__Task description__.
From the line that contains "Cosmetic prosthesis after" down to the last line of the data below, restate every line word for word, skipping any images.
= Beginning of Section =
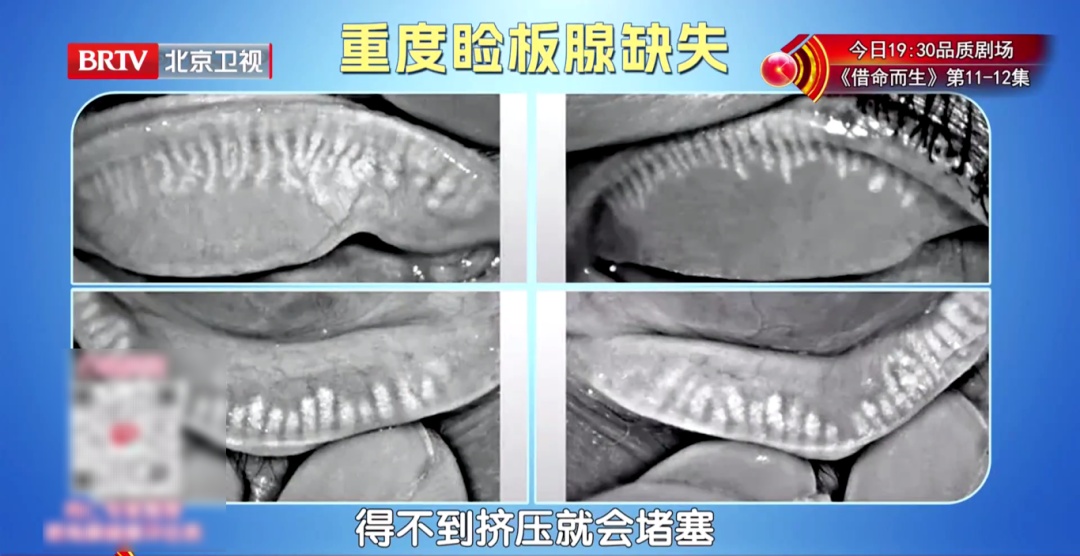 一个毁掉视力的习惯，你可能天天做，2个动作给双眼“补补水”，酸胀疲劳都赶跑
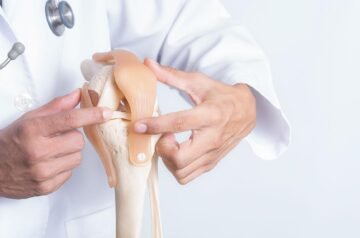 Orthopaedic Surgery in Kenya: Best Specialists for Joint, Spine & Sports Injuries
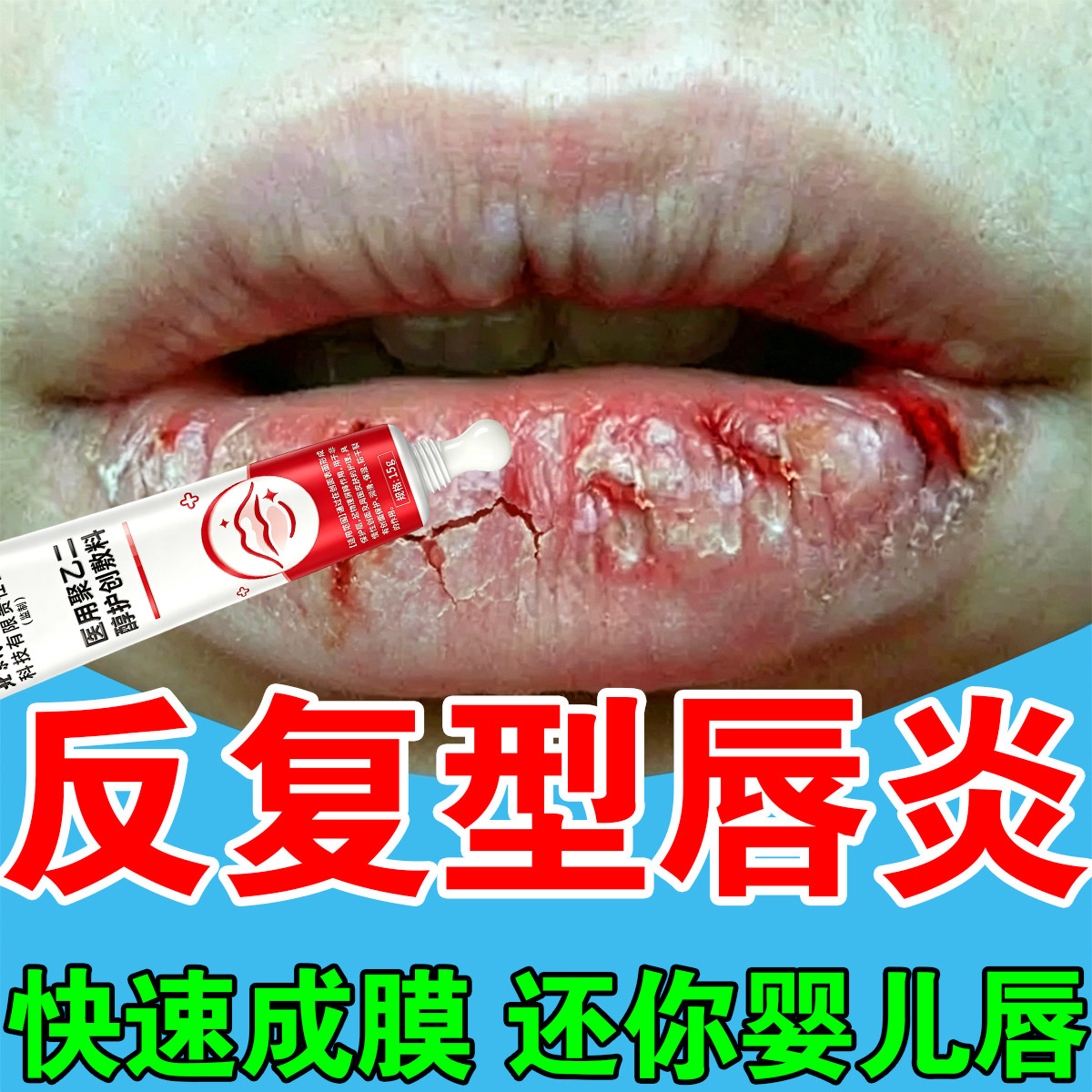 唇炎专用膏嘴唇干裂脱皮医用型儿童成人剥脱性口角炎烂嘴角润唇膏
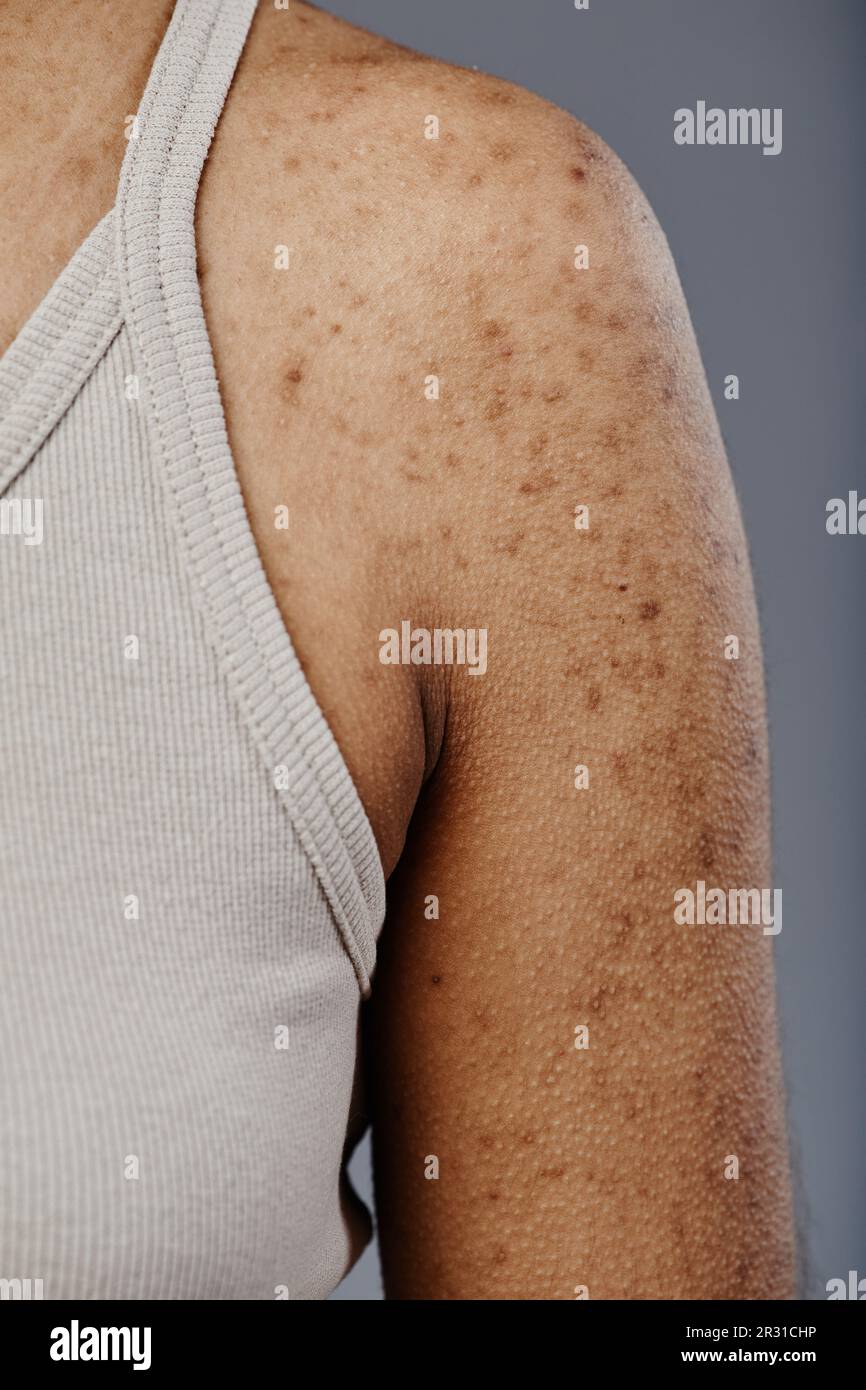 Closeup detail image of black young woman with real skin texture and
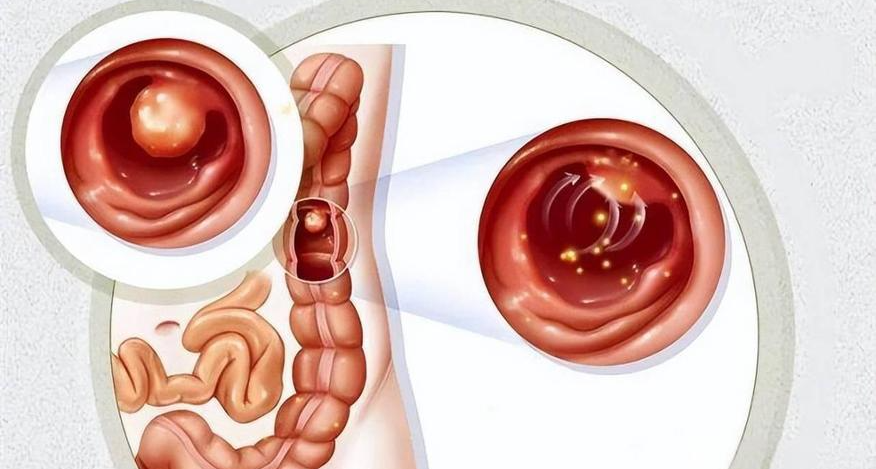 “息肉”是什么？警惕息肉癌变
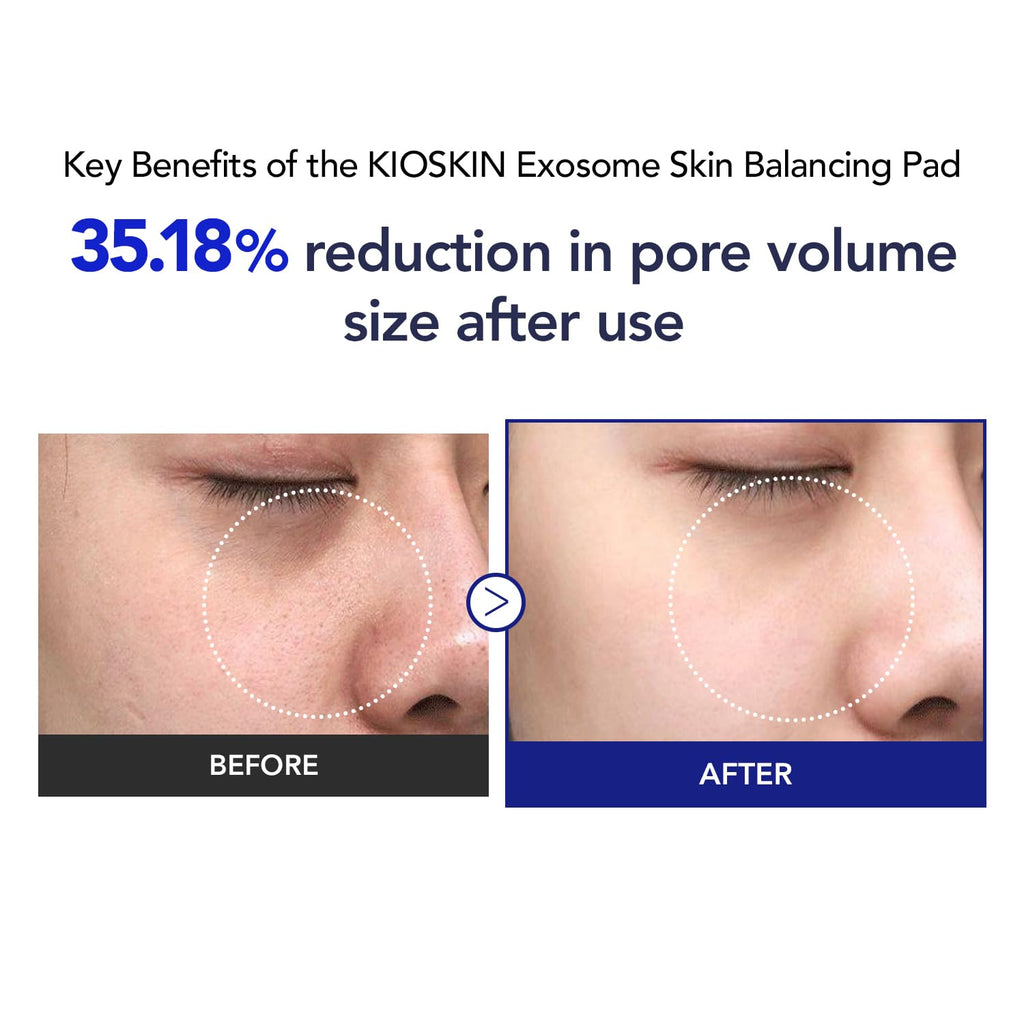 KIOSKIN Toner Pads – 35% Smaller Pores, 32% Reduced Pore Area, CICA Exosomes, AHA/BHA/PHA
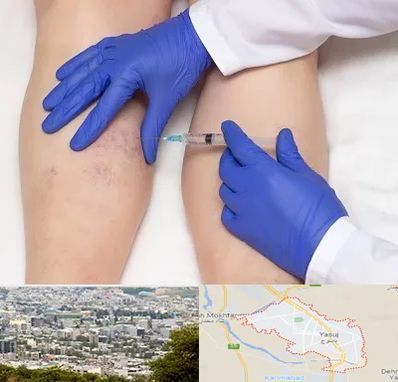 اسکلروتراپی در یاسوج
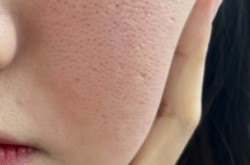 赤峰清潔毛孔團(tuán)購(gòu)地址電話(huà)號(hào)碼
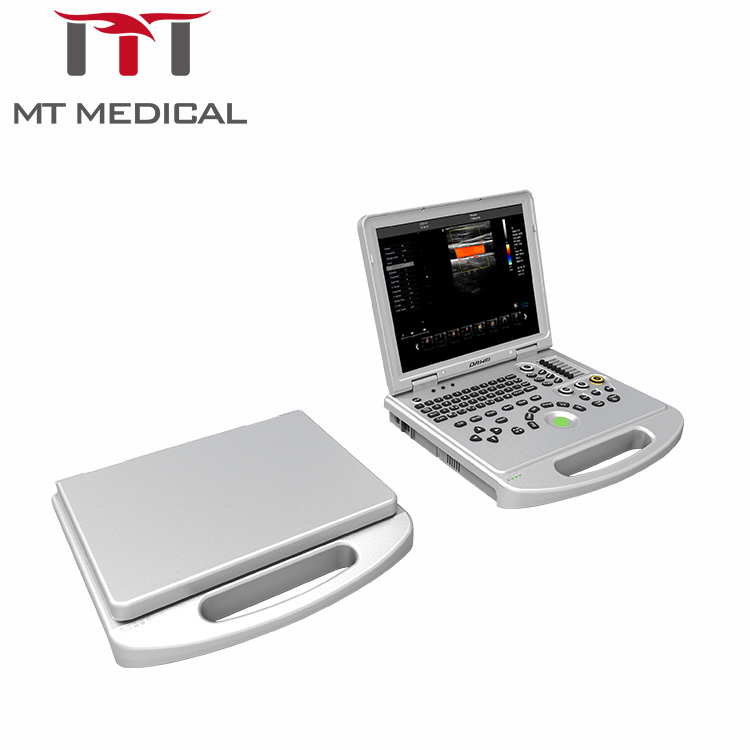 Laptop Doppler Ultrasound Portable Ultrasound Scanner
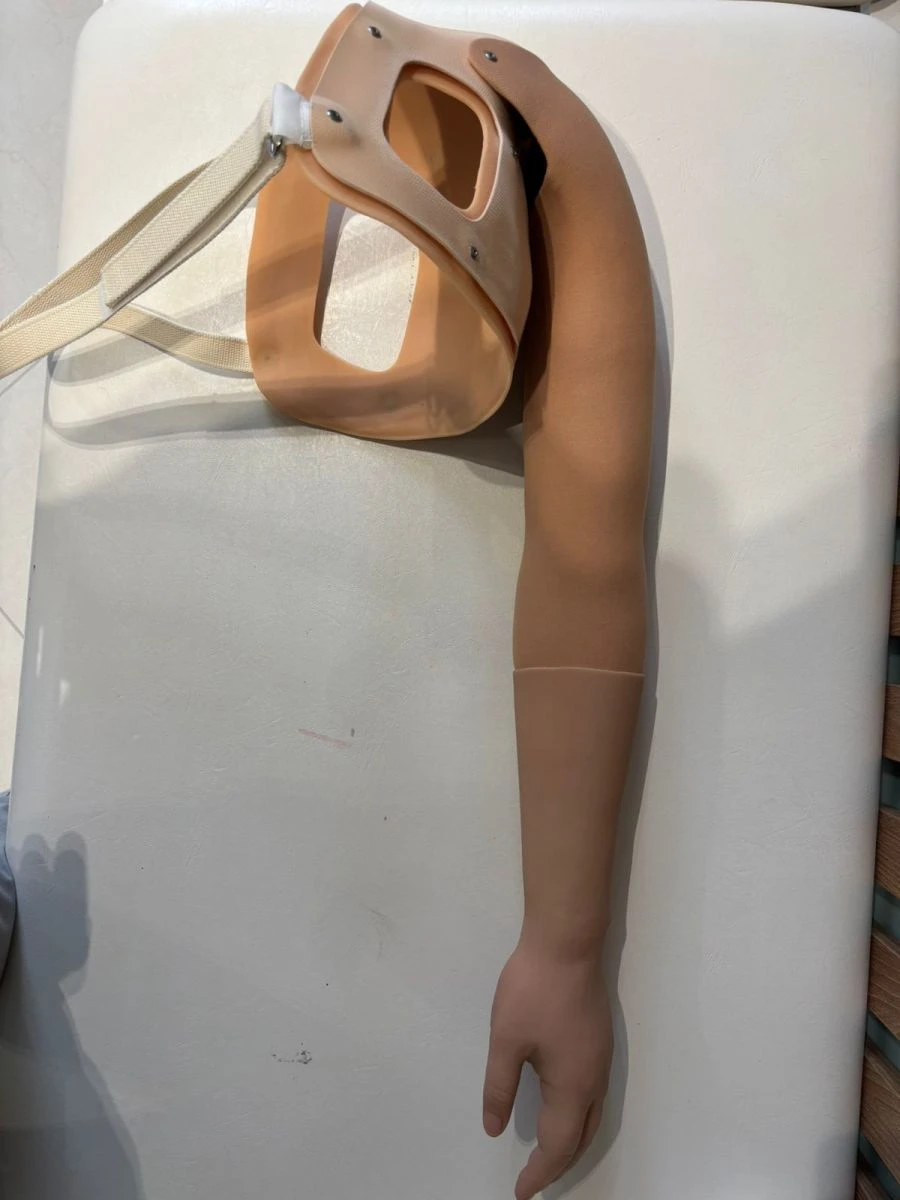 Cosmetic prosthesis after shoulder dislocation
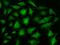 Fms Related Tyrosine Kinase 1 antibody, 10136-T18, Sino Biological, Immunohistochemistry frozen image 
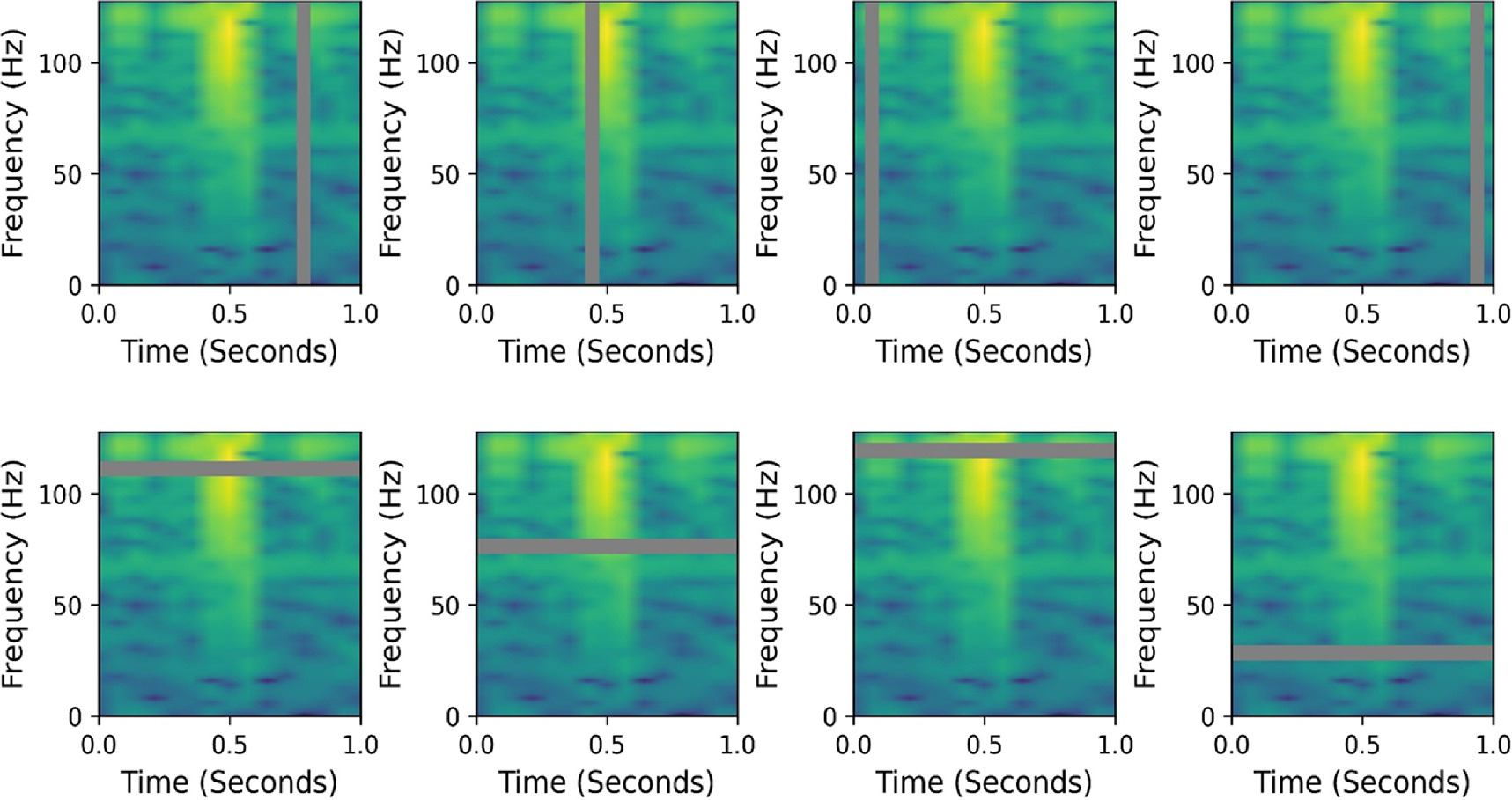 A vision transformer framework for arrhythmia classification with ...
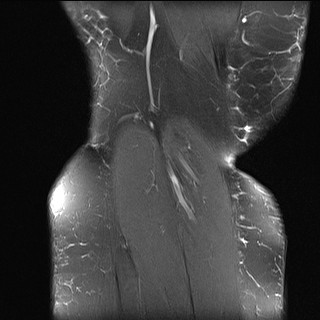 File:Acute-on-chronic transient lateral patellar dislocation with trochlear dysplasia (Radiopaedia 84099-99349 Coronal PD fat sat 2).jpg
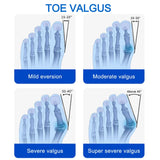 Corrector de Juanetes | Bunion Splint Enderezador de Dedo Gordo – Ortesis Ajustable para Hallux Valgus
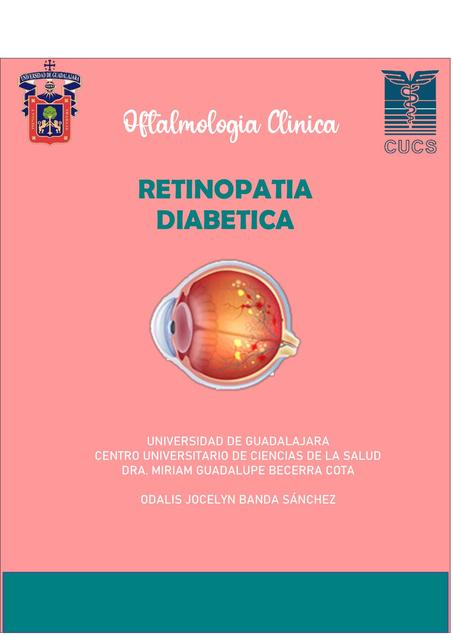 Retinopatía Diabética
= End of Section =
__Exercise solution__.
 Cosmetic prosthesis after shoulder dislocation
 Fms Related Tyrosine Kinase 1 antibody, 10136-T18, Sino Biological, Immunohistochemistry frozen image 
 A vision transformer framework for arrhythmia classification with ...
 File:Acute-on-chronic transient lateral patellar dislocation with trochlear dysplasia (Radiopaedia 84099-99349 Coronal PD fat sat 2).jpg
 Corrector de Juanetes | Bunion Splint Enderezador de Dedo Gordo – Ortesis Ajustable para Hallux Valgus
 Retinopatía Diabética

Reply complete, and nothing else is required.